DepressionMLP: A Multi-Layer Perceptron Architecture for Automatic Depression Level Prediction via Facial Keypoints and Action Units

Physiological studies have confirmed that there are differences in facial activities between depressed and healthy individuals. Therefore, while protecting the privacy of subjects, substantial efforts are made to predict the depression severity of individuals by analyzing Facial Keypoints Representation Sequences (FKRS) and Action Units Representation Sequences (AURS). However, those works has struggled to examine the spatial distribution and temporal changes of Facial Keypoints (FKs) and Action Units (AUs) simultaneously, which is limited in extracting the facial dynamics characterizing depressive cues. Besides, those works don't realize the complementarity of effective information extracted from FKRS and AURS, which reduces the prediction accuracy. To this end, we intend to use the recently proposed Multi-Layer Perceptrons with gating (gMLP) architecture to process FKRS and AURS for predicting depression levels.
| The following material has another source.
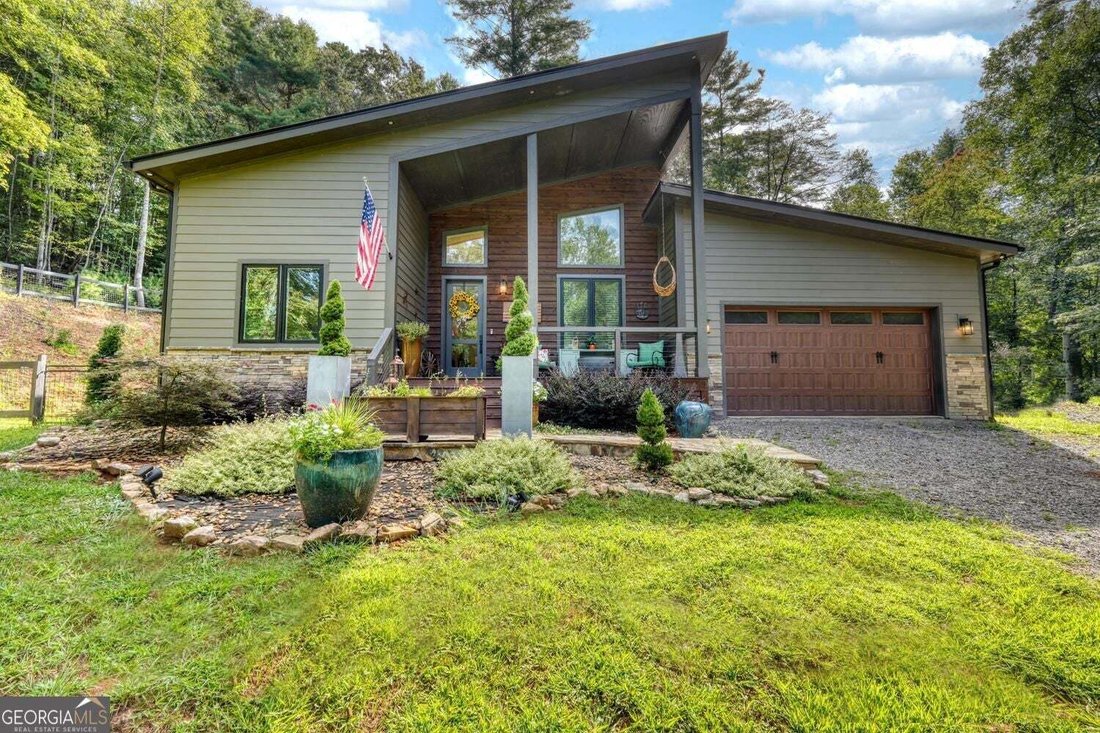 House in Hiawassee, Georgia, United States 1 - 18879605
However, the channel projection in the gMLP disrupts the spatial distribution of FKs and AUs, leading to input and output sequences not having the same spatiotemporal attributes. This discrepancy hinders the additivity of residual connections in a physical sense. Therefore, we construct a novel MLP architecture named DepressionMLP. In this model, we propose the Dual Gating (DG) and Mutual Guidance (MG) modules. The DG module embeds cross-location and cross-frame gating results into the input sequence to maintain the physical properties of data to make up for the shortcomings of gMLP. The MG module takes the global information of FKRS (AURS) as a guidance mask to filter the AURS (FKRS) to achieve the interaction between FKRS and AURS. Experimental results on several benchmark datasets show the effectiveness of our method.